How About Those Resolutions?

For those who make New Year’s Resolutions, this is about the time that those resolutions tend to fall by the wayside. Rarely do resolutions make their way beyond a week or two – life and old habits tend to get in the way.

Part of the reason for this is that “resolutions” typically lack one extremely critical ingredient – commitment. The desire is there, and usually the need is there. But resolutions have a tendency to be “have to” as if we are pushing ourselves to do something that we really don’t want to do. And when we feel pushed, we push back. Our creativity goes into overdrive to get us out of what we “have to” do.
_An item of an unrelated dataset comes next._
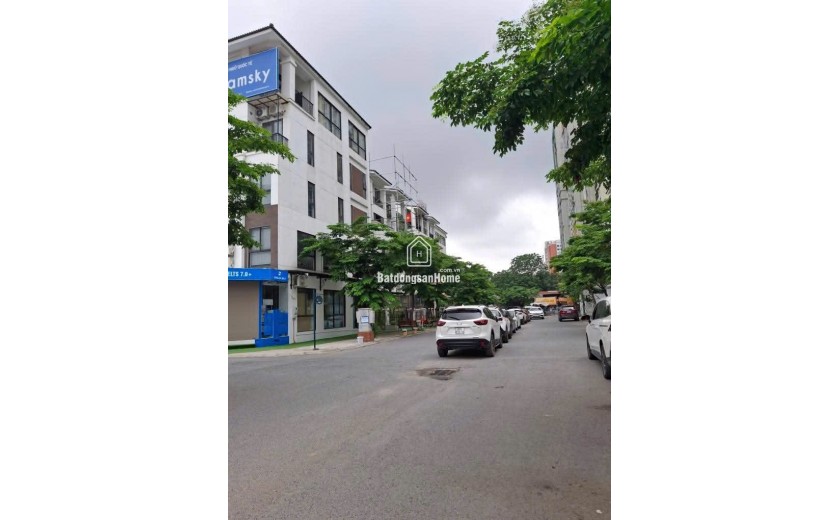 Bán gâp căn Hoàng Thành Mỗ Lao Dt 108 m 5 tầng mt 5 m Giá hơn 30 tỷ kinh doanh 50tr/tháng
The past couple of weeks, we’ve been talking about taking control of ourselves, and as much of the world around us that we can. We’ve talked about how we look at the world and our lives, if we are optimists or pessimists. We have also talked about taking personal accountability for our decisions and actions.

What we’ve been talking about is setting goals for what we want for the future. Here is where resolutions and goals part company. Goals are a commitment we make to ourselves to get where we want to go. And when we make our goals statements of fact, and fill them with action and emotion and purpose, we are creating an irresistible, magnetic draw to our future.

So, if you’ve made New Year’s Resolutions, and they are showing signs of fading into oblivion, go back to them and take a closer look. Do you see words and phrases like, “really would like to,” or “wouldn’t it be nice if I could,” or maybe even the word “should” with anything? (FYI, “should” is just another word for “have to.”) These are fuzzy words and they create fuzzy pictures.

Take each resolution and consign the fuzzy language to the trash heap. Put in words that drive a picture with a healthy dose of positive emotion. See yourself in this new picture, succeeding at whatever it is that you want to change in you. And if you don’t mind the suggestion, cross out the word “Resolution” and write in “Goals.”